# Wave Impedance and Phase

## Wave Impedance

Wave impedance defines the ratio between transverse components of the electric and magnetic fields supported by an EM planewave. For the downward propagating EM planewave shown in Fig. 47, the impedance is given by:

$Z_{xy} = -\frac{E_x}{H_y} = \frac{\omega \mu}{k}$

where $$\mu$$ is the magnetic permeability and $$k$$ is the complex wavenumber. From the previous equation, we see that the wave impedance depends on the frequency and physical properties of the medium. Thus in a homogeneous isotropic medium, a single wave impedance can be used to characterize EM waves propagating in any direction. However if the physical properties are anisotropic (direction dependent), waves propagating in different directions are characterized by separate impedances.

## Phase

The wave impedance can be used to obtain the phase difference between the electric and magnetic fields supported by a planewave. The phase difference between the electric and magnetic fields shown in Fig. 47:

$\phi_{Z_{xy}} = \textrm{tan}^{-1} \Bigg ( \frac{\textrm{Im}[Z_{xy}]}{\textrm{Re}[Z_{xy}]} \Bigg )$

where $$0 \leq \phi_{xy} \leq \pi/4$$. According the above expression, the electric field lags the magnetic field.

## Approximations

### Quasi-Static Approximation

In the quasi-static regime ($$\epsilon \omega \ll \sigma$$), the wavenumber becomes $$\sqrt{-i\omega\mu\sigma}$$ and the impedance simplifies to:

$Z_{xy} = \frac{\omega \mu}{\sqrt{-i\omega\mu\sigma}} = \sqrt{\frac{i \omega \mu}{\sigma}}$

The phase of the impedance is given by:

$\phi_{Z_{xy}} = \textrm{tan}^{-1} \Bigg ( \frac{\textrm{Im}[Z_{xy}]}{\textrm{Re}[Z_{xy}]} \Bigg ) = \frac{\pi}{4}$

In this case, the electric field lags the magnetic field by $$\pi/4$$ radians.

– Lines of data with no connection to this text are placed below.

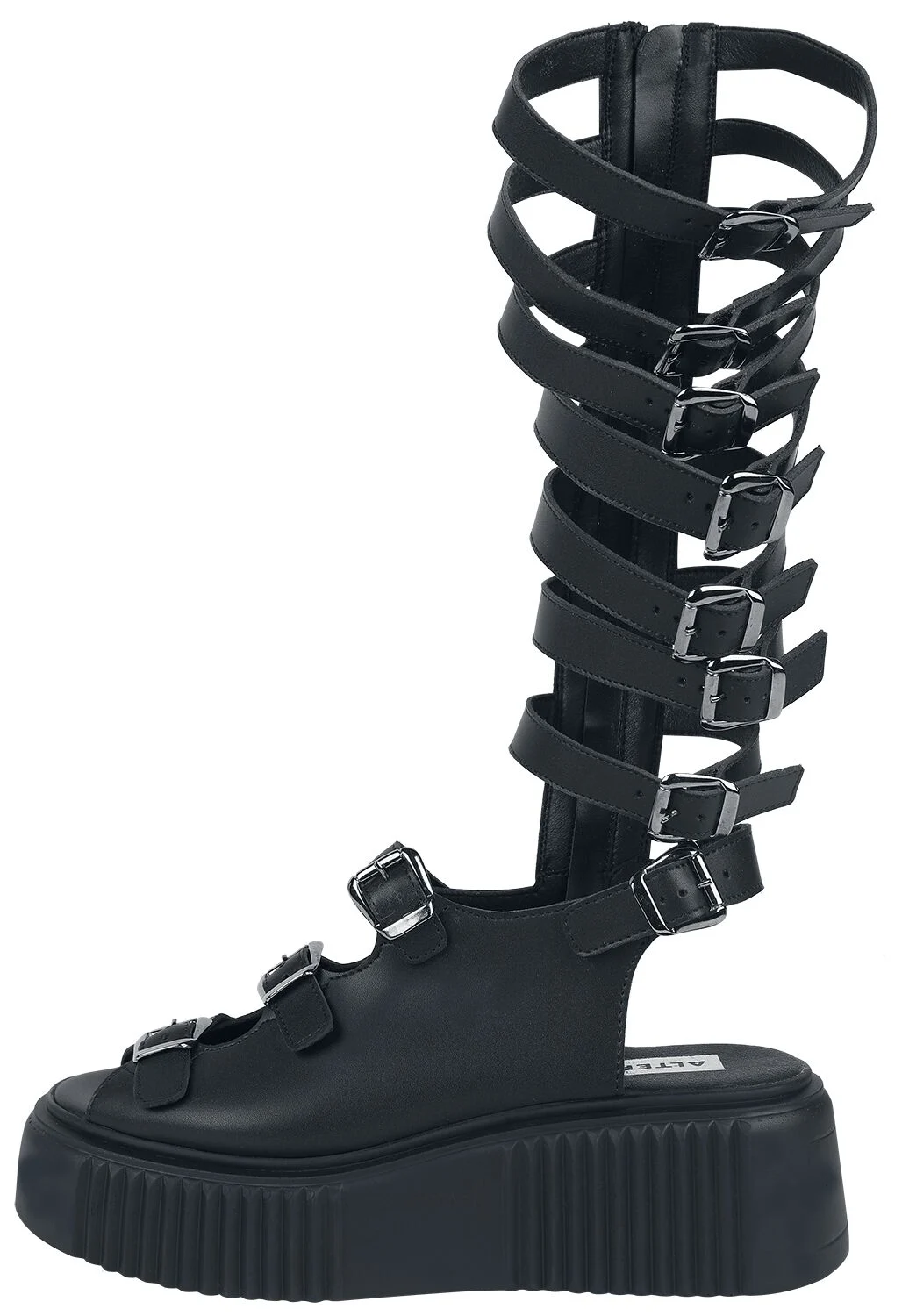 Britney Vegan | Altercore Tongs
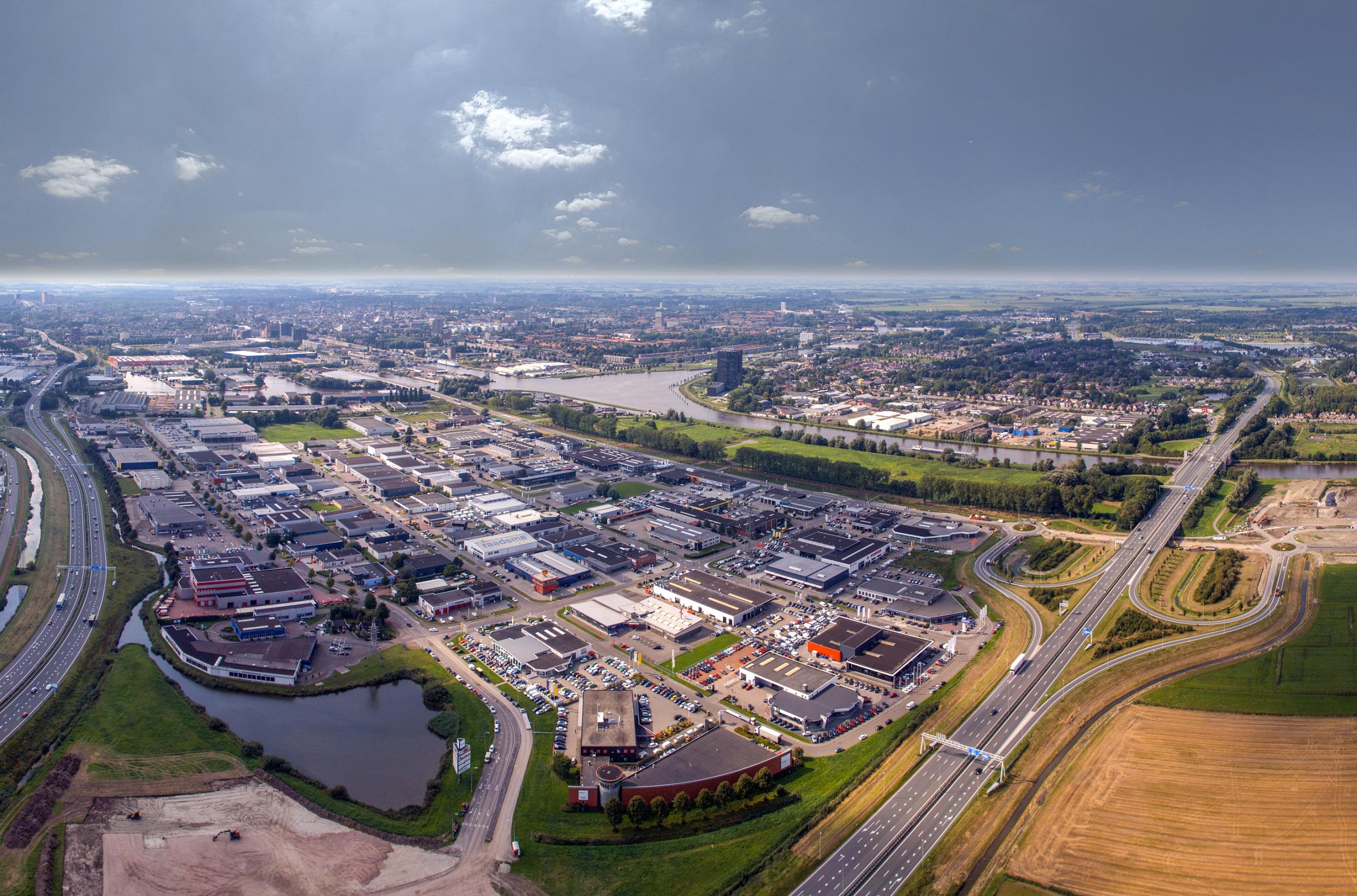 Bedrijvig Groningen: hier wordt veel moois gemaakt!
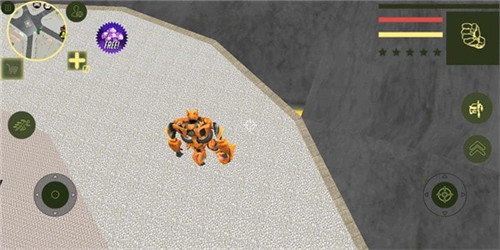 自由城市机器人手机版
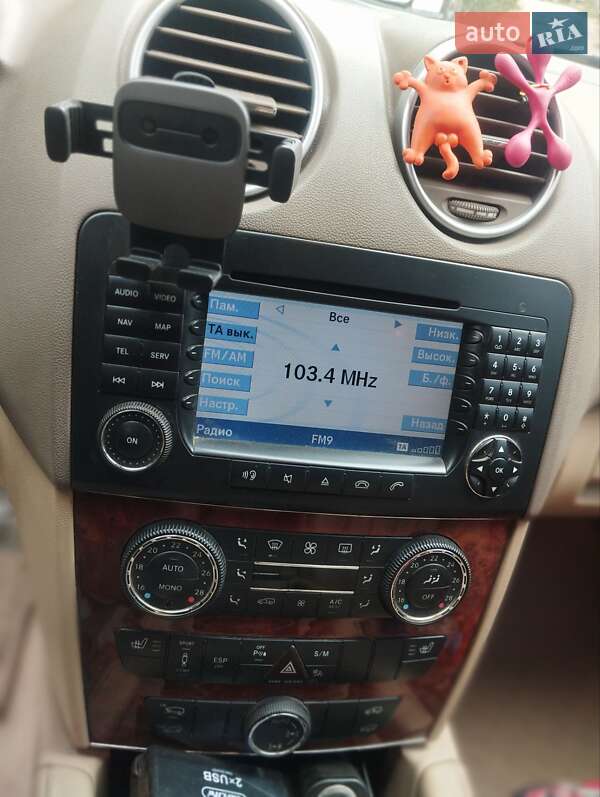 Внедорожник / Кроссовер Mercedes-Benz M-Class 2005 в Сумах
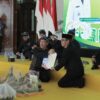 Hari Jadi Kabupaten Madiun ke-458, Kantor Pertanahan Kabupaten Madiun Serahkan 417 Sertipikat Aset Pemda kepada Bupati Madiun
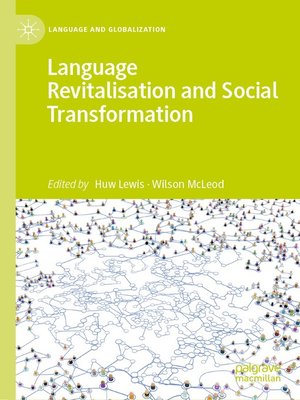 cover image of Language Revitalisation and Social Transformation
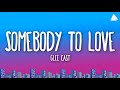 Glee Cast Somebody To Love Lyrics 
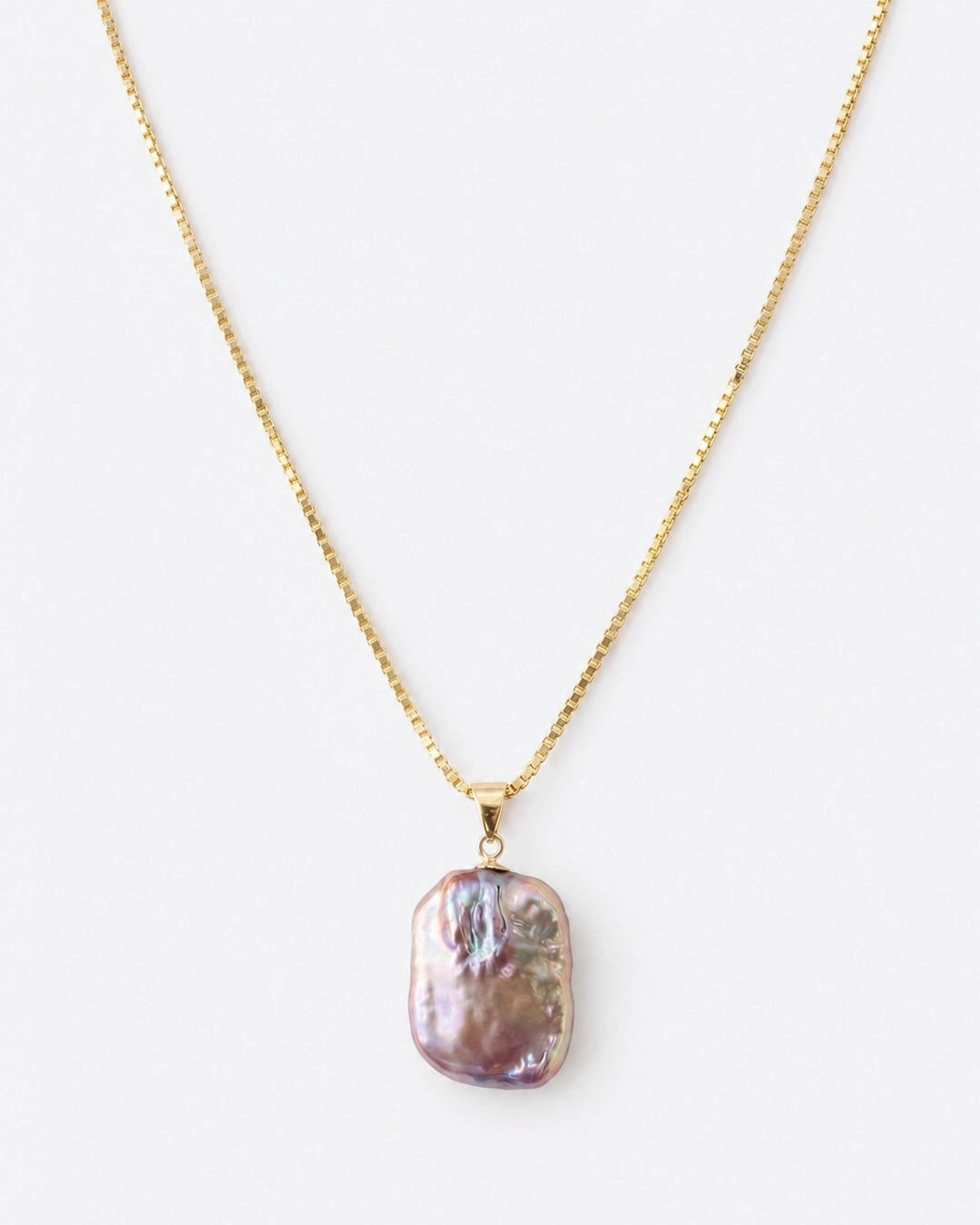 Spate Necklace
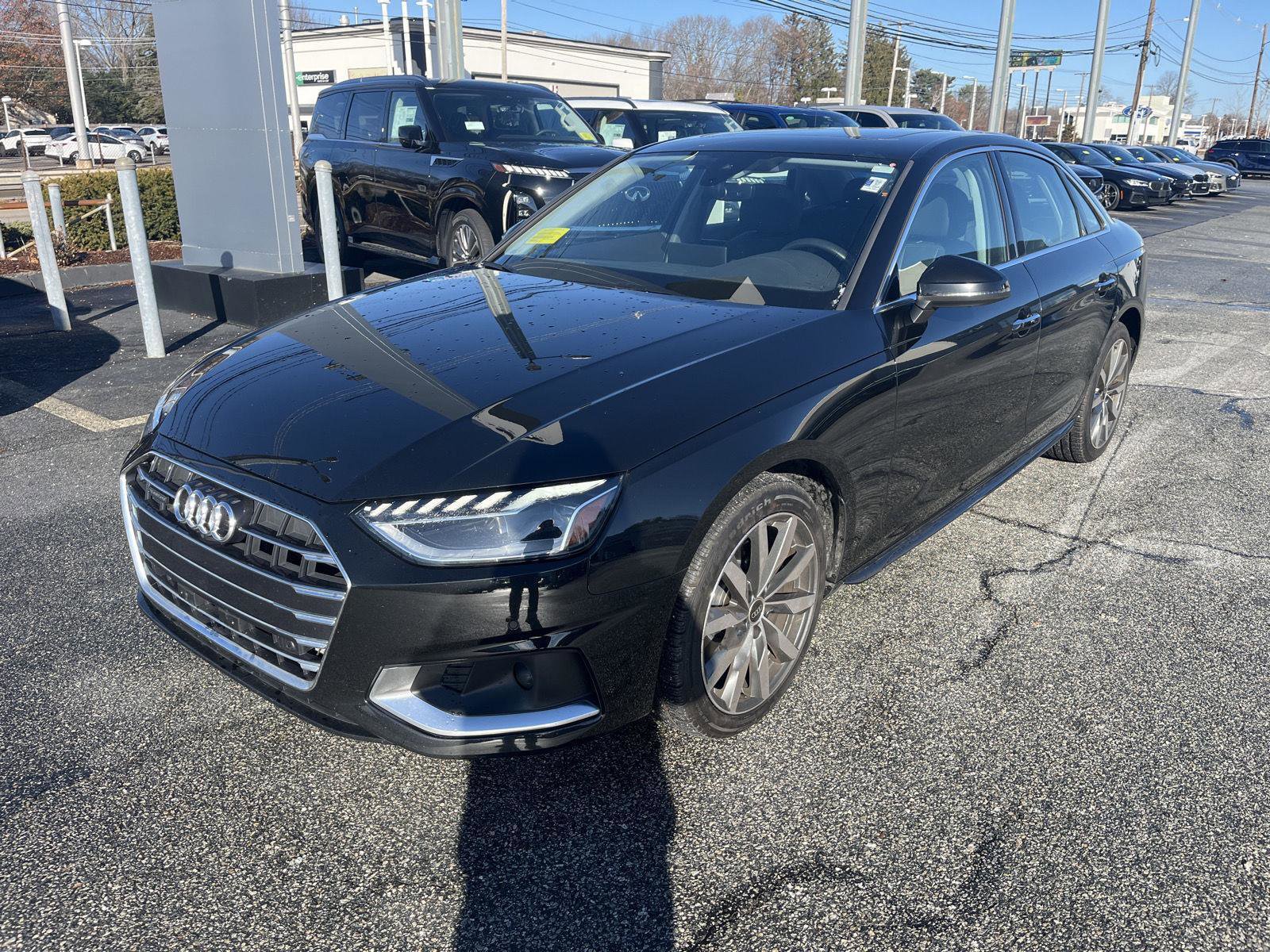 Used 2022 Audi A4 2.0T Premium Plus w/ Premium Plus Package image 7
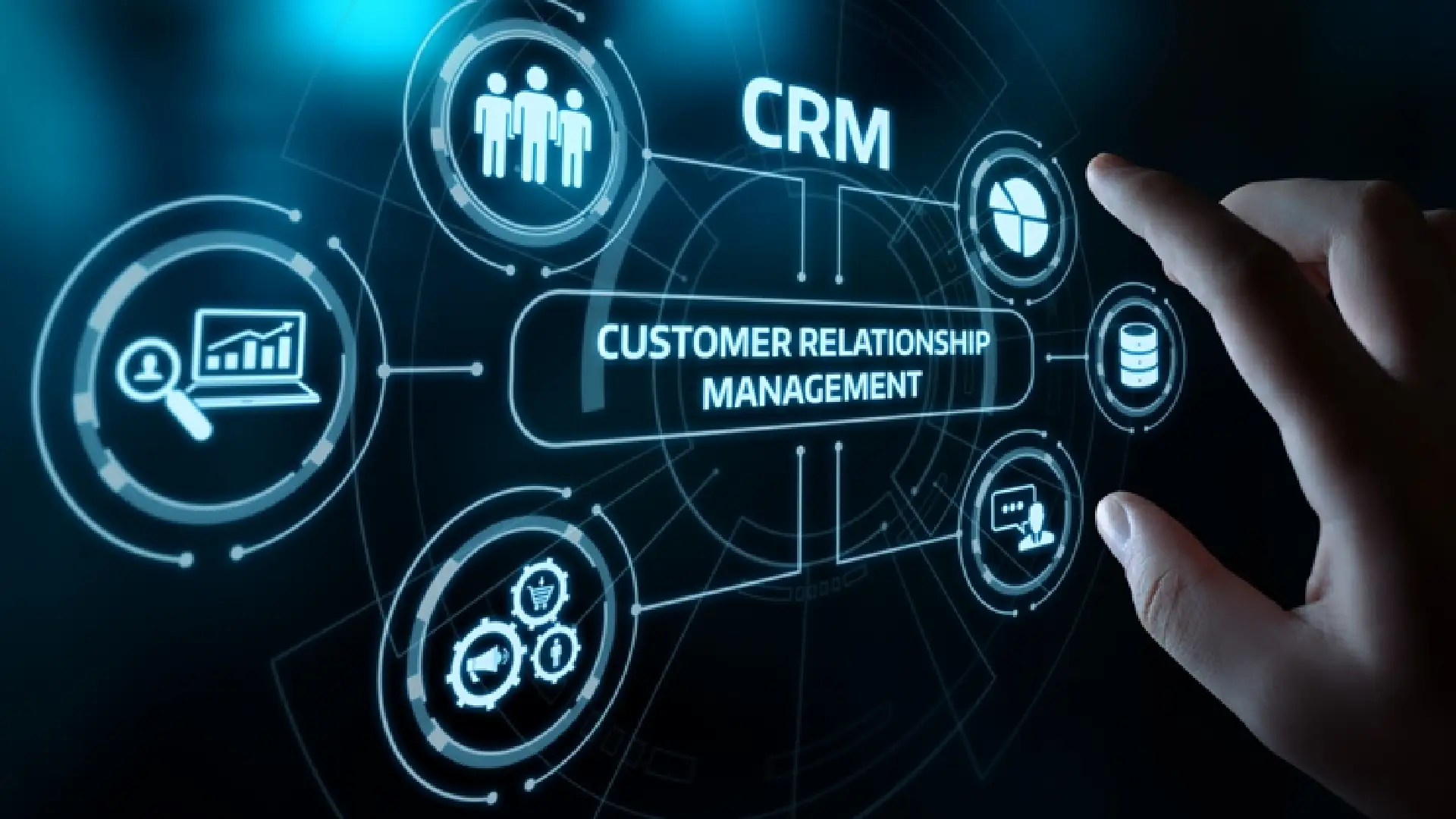 customer relationship management Dubai 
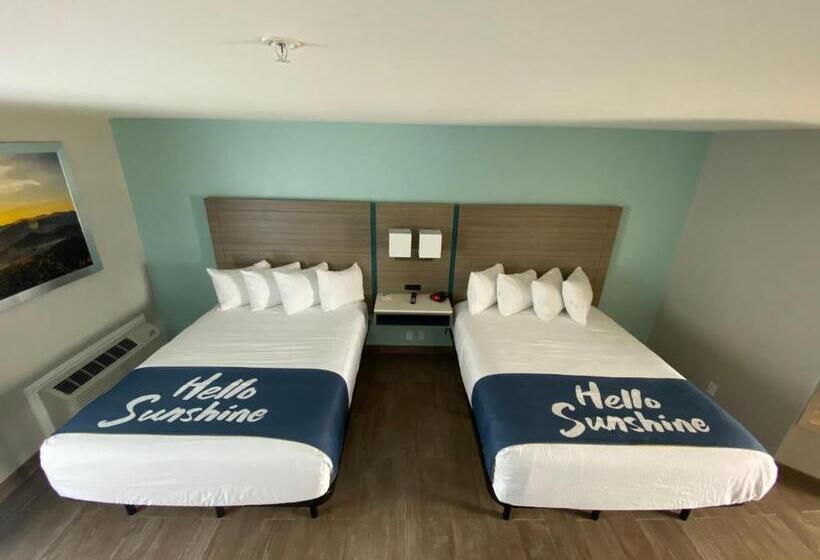 اتاق استاندارد, Days Inn By Wyndham Rockport Texas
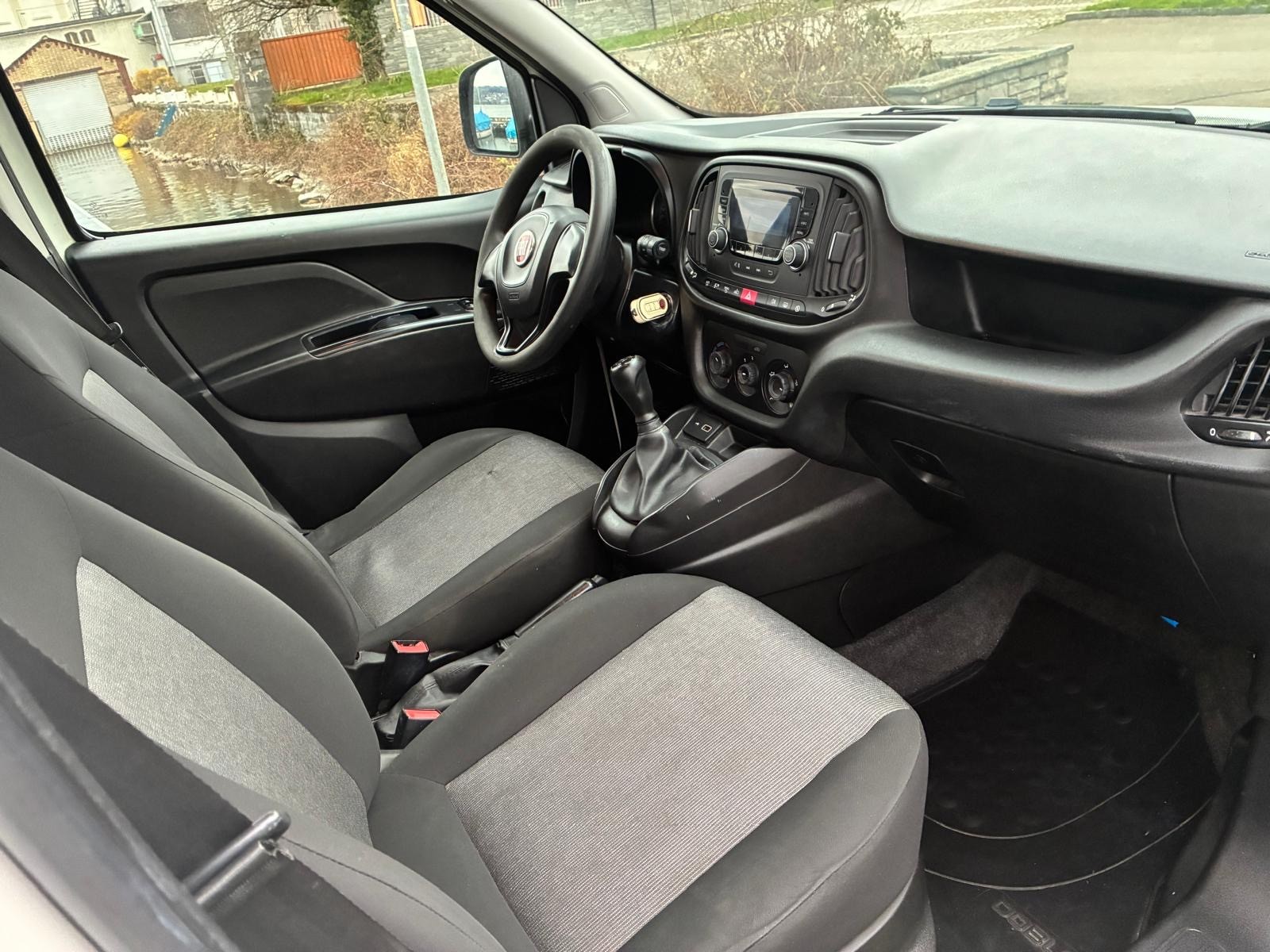 FIAT Doblò 1.3 Multijet Kombi Base-image-8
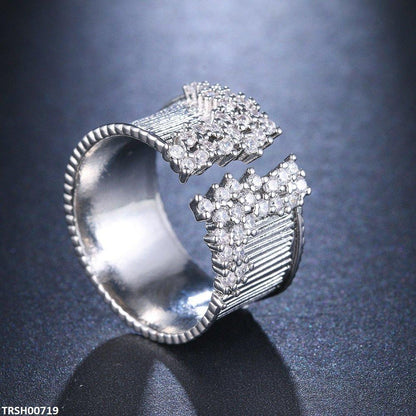 TRSH00719 BYJ  Round Ring Adjustable - TRSH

### Wave Regime Approximation

In the wave regime ($$\epsilon \omega \gg \sigma$$), the wavenumber simplifies to $$\omega \sqrt{\mu\epsilon}$$ and the impedance simplifies to:

$Z_{xy} = \frac{\omega \mu}{\omega \sqrt{\mu\epsilon}} = \sqrt{\frac{\mu}{\epsilon}}$

where the phase is equal to:

$\phi_{Z_{xy}} = \textrm{tan}^{-1} \Bigg ( \frac{\textrm{Im}[Z_{xy}]}{\textrm{Re}[Z_{xy}]} \Bigg ) = 0$

In this case, the electric and magnetic fields are in phase with one another.